[Captioned web images]
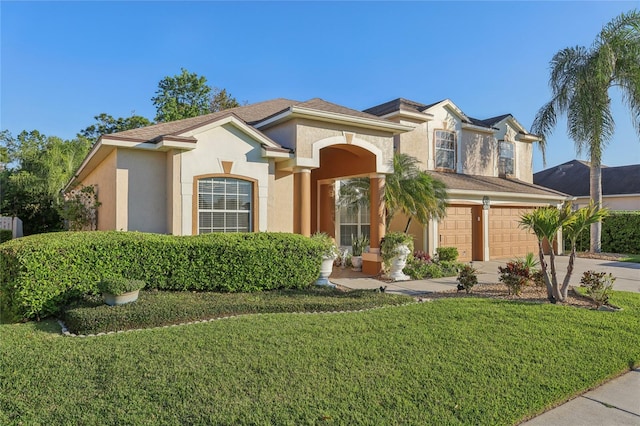 mediterranean / spanish-style home with stucco siding, a front yard, concrete driveway, and an attached garage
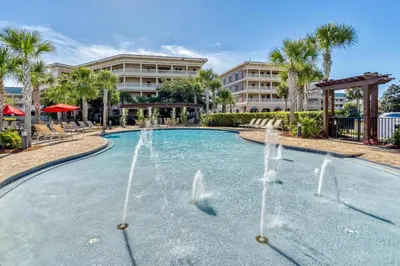 a pool with water fountains in front of a building at Newly Renovated Professionally Decorated Gulf Views! Pool & Beach Access in Rosemary Beach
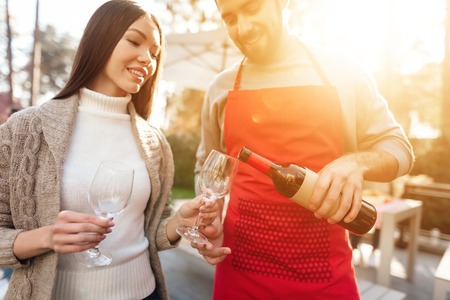 A man and a woman are drinking wine during a picnic with friends.の写真素材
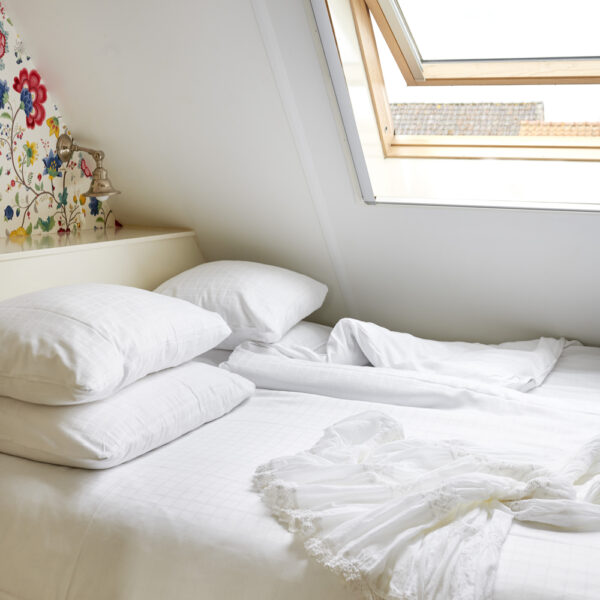Tweepersoons bed onder een dakraam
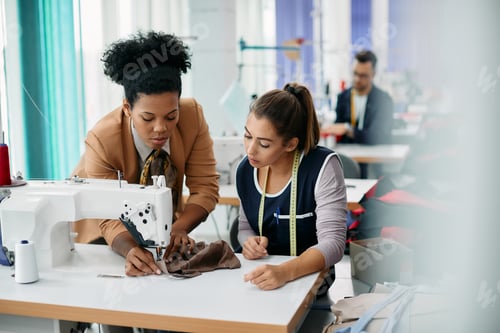 Preview: Black clothing designer assisting young seamstress with sewing in a textile workshop.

**Try it:** Extract word for word every line from the line that contains "A man and a" to the final line of the data, both included, and nothing else; skip the pictures.

**Result below:**
 A man and a woman are drinking wine during a picnic with friends.の写真素材
Tweepersoons bed onder een dakraam
 Preview: Black clothing designer assisting young seamstress with sewing in a textile workshop.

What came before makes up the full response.